Big data under the GDPR will associate with big fines….
Gunter Ollman of NCC Domain Services proposed that these controls give an overlapping set that work together across network, vulnerability, behaviour and (to a degree) stupidity to jointly reduce the likelihood and impact of a breach.
Track all access and processing of the data, encrypt sensitive data as soon as possible, ideally at the source.
Don’t leave the keys in the same place as the data.
Log everything and monitor it. Leverage the anomaly detection systems to reduce the signal to noise ratio until humans can realistically review the volume of data.
Use automated scanning to constantly monitor systems for vulnerabilities and malware.
Monitor network egress for anomalies in traffic.
Create a number of "false flag“ records. These will automatically alert your security team if they are accessed. Configure alerts and blocks to identify and prevent data breaches.
We can split companies use of big data into what happened and what will happen and further segment that to provide a maturity model.

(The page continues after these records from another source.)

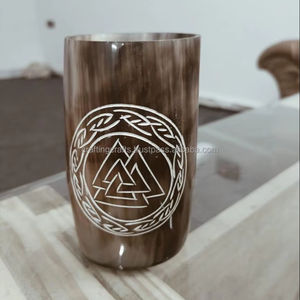 Auténticos Vasos Cortos de Cuerno de Búfalo Hechos a Mano, Ecológicos, Pulidos, Artesanía Natural de Animales, Artesanía Vikinga, Navidad, al por Mayor - Product Image 6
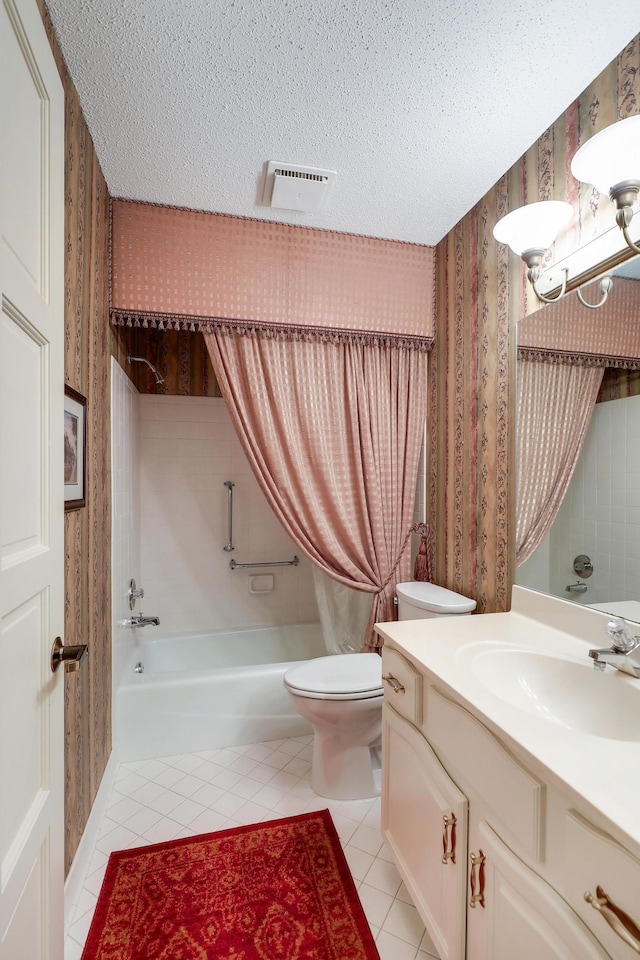 5601 Dewey Hill Rd Unit 310, Edina, MN 55439 - full bathroom with wallpapered walls, vanity, tile patterned flooring, shower / tub combo with curtain, and toilet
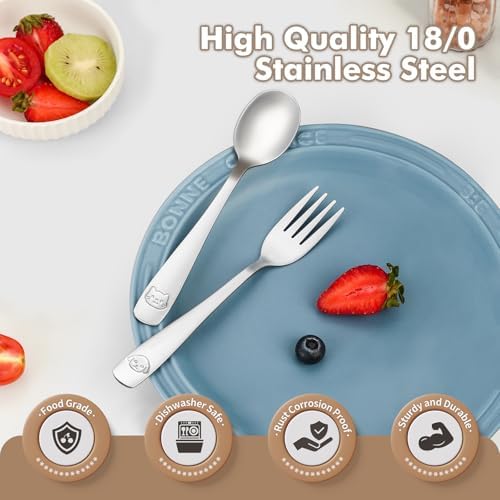 DRKIO Stainless Steel Toddler Utensils Set for Fun and Safety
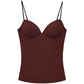 LUXEHAEVEN Burgundy Bustier Slip Top
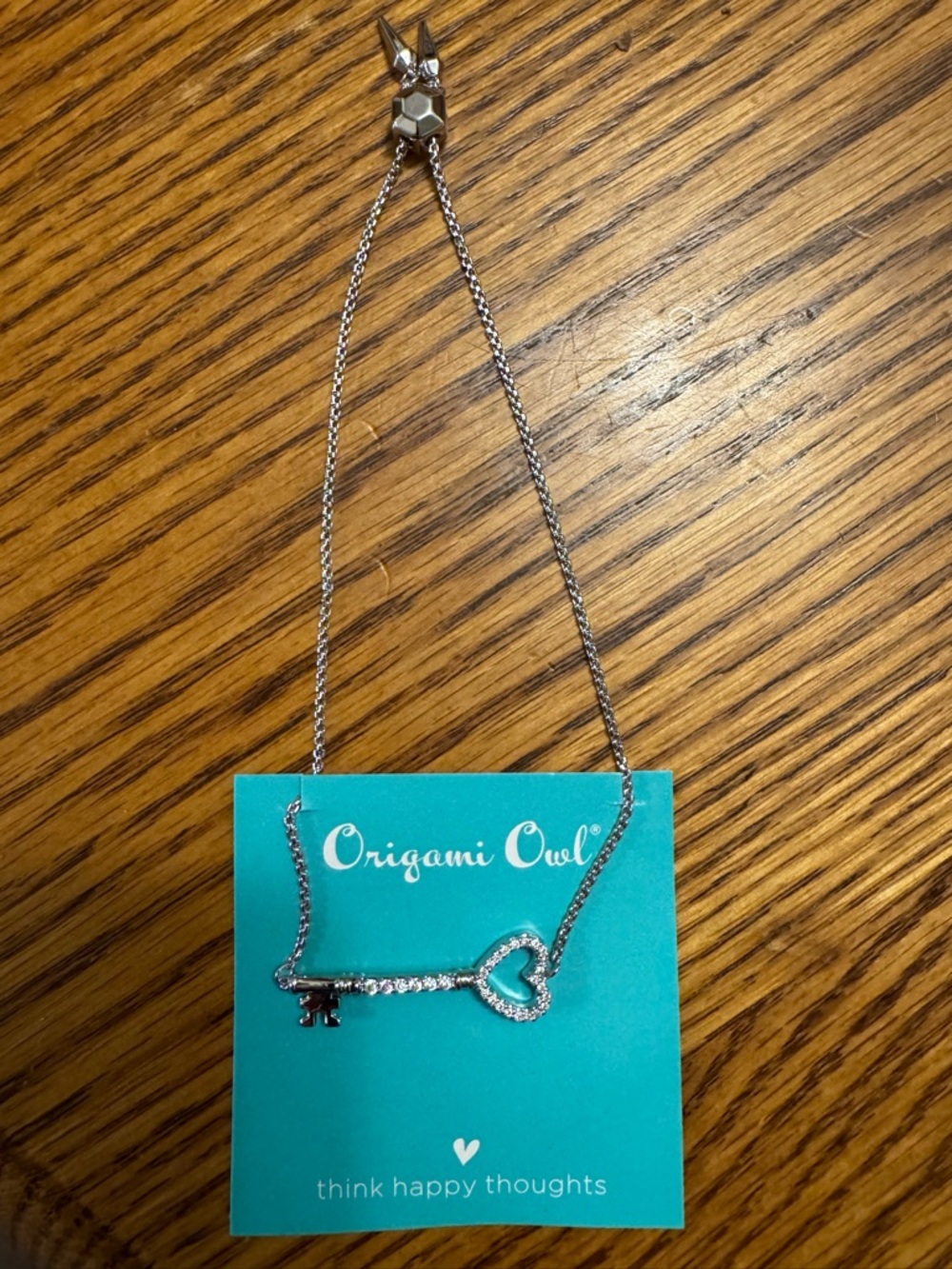 Origami owl “key to my heart” CZ bolo bracelet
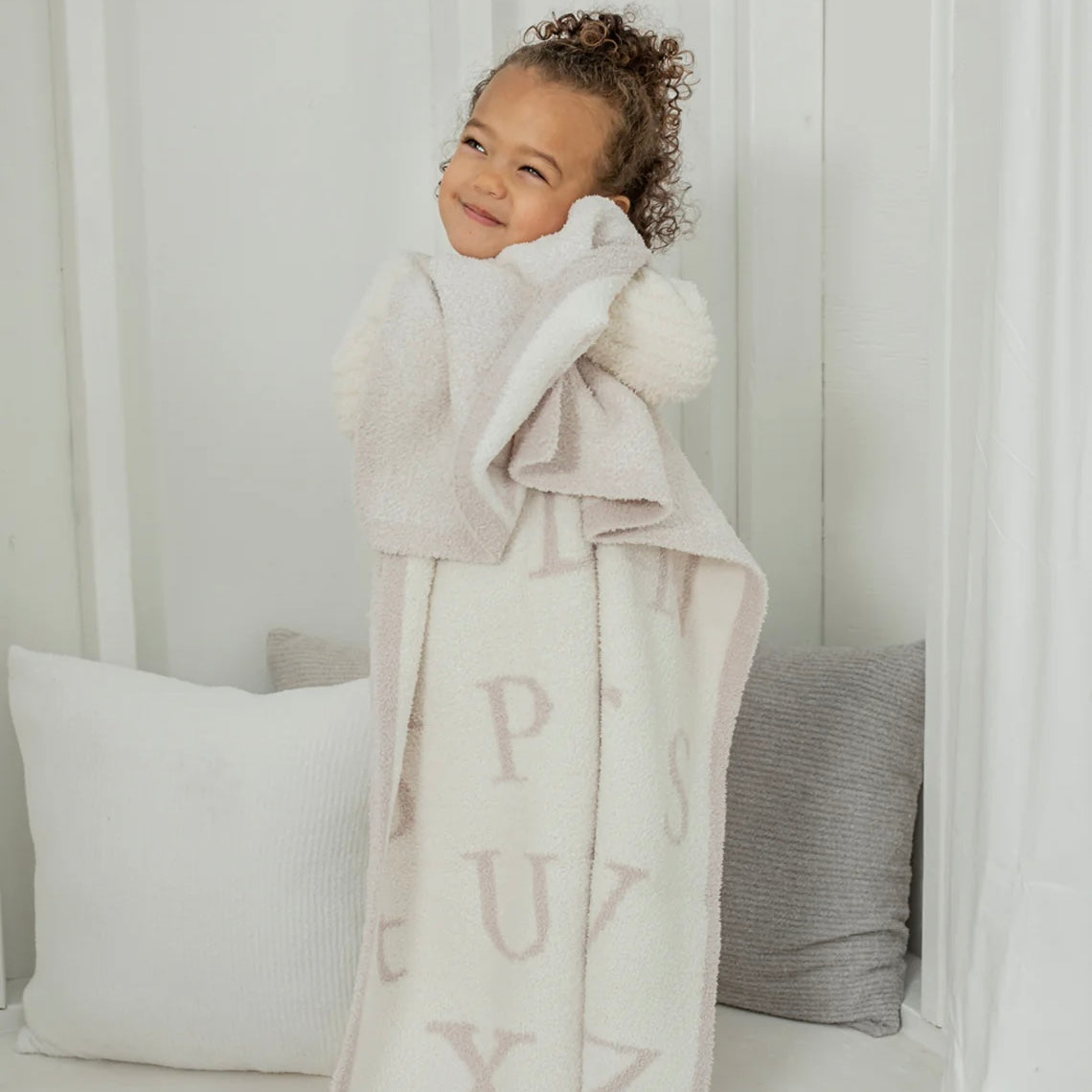 Barefoot Dreams CozyChic Stone and Cream ABC Baby Blanket - Image 2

Descriptive analytics is where most activity remains in the IT sector at the moment with regards to big data. Log collation and some analysis.
In some instances we have a breach and move to diagnostic analytics as we look to analyse the detail, but this takes effort and because still many organisations do not report breaches the patterns are not always clear enough to derive a confident conclusion. This is a reactive position.

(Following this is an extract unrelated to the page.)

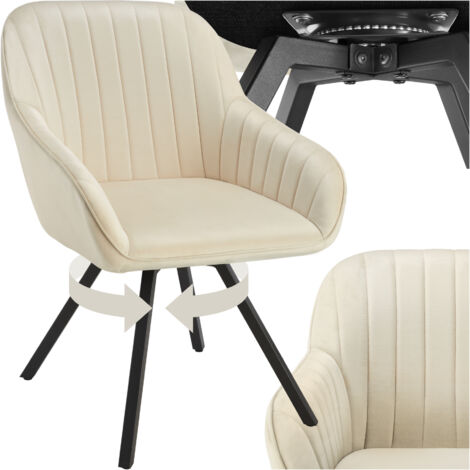 Tectake – Chaise pivotante 360° avec accoudoirs en velours crème – Rembourrage mousse haute densité – Pieds en acier antidérapants – Pour bureau et salon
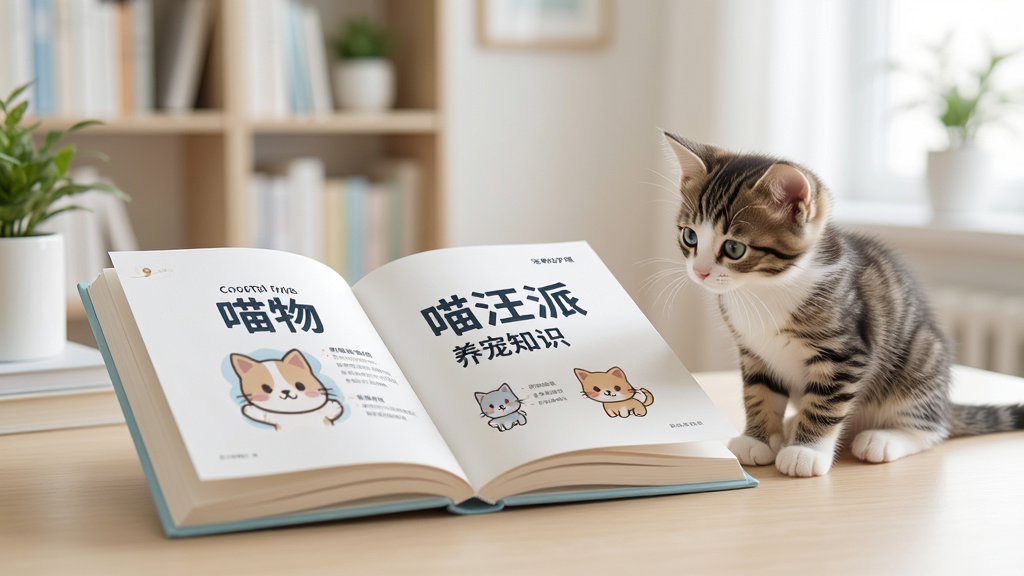 一本打开的宠物护理手册放在桌面上,旁边有一只小猫在好奇地观看,手册页面上写着“喵汪派”养宠知识,背景是整洁的书房,风格简约明亮,细节丰富,画质清晰,干净,无多余元素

Predictive analytics some of the more advanced and security focussed organisations are moving to. Threat modelling efforts sit here.

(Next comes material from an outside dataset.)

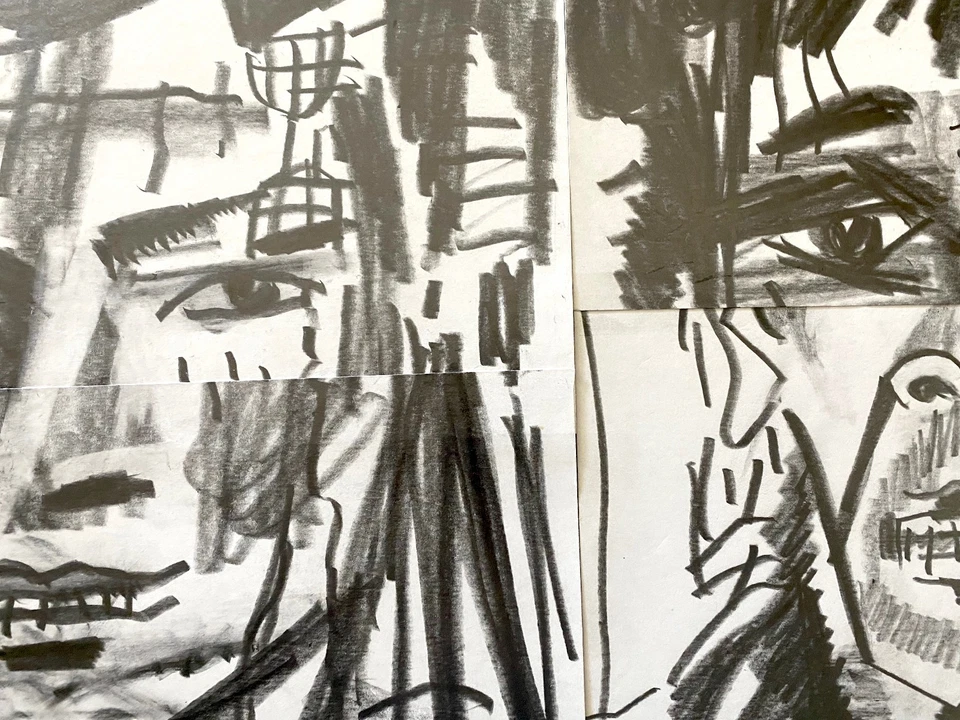 Dibujo artístico original - Dos hombres nativos americanos - Conjunto de díptico con carbón Foto 4 de 4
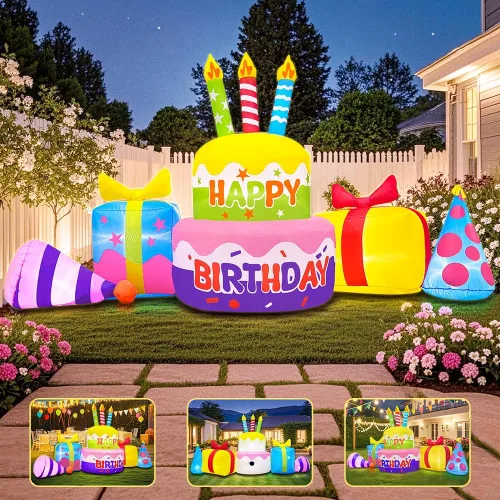 Miniatura 3 de Decoración inflable de pastel de cumpleaños feliz de 8 pies con velas, decoraciones inflables para patio exterior, luces LED integradas para fiestas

Prescriptive analytics; crystal ball gazing is now moving into pre-crime, yet this is happening now for several police forces in the US. https://www.theguardian.com/technology/2016/feb/04/us-police-data-analytics-smart-cities-crime-likelihood-fresno-chicago-heat-list
On a call, officers respond, Beware checks the address and get names of residents, these are checked against public data sources to threat model them RAG.
How this is done is a trade secret, but could identify a PTSD sufferer who has tweeted about having bad experiences….. Your tweets could influence whether the officer approaches the door, and if you are flagged red, say because your account has recently been hacked then the outcome may be violent.
http://www.aclunc.org/docs/201512-social_media_monitoring_softare_pra_response.pdf
Traditional IT staff are often the wrong fit for big data, they focus on the T and not the I.
Specialist skills are required, and only a few organisations work truly at Big Data Exabyte scales, so they are in high demand.
The analysis can improve by ensuring that the importance of data quality is embedded in all your systems to ensure that the data sets are filtered as they progress through downstream systems before they hit the Big Data aggregation point.
Experimenting by falsely attributing this definition.
This definition as of the today has zero hits on google.
I’ve configured a Google alert to track this quote and I’m looking forward to seeing who it gets attributed to.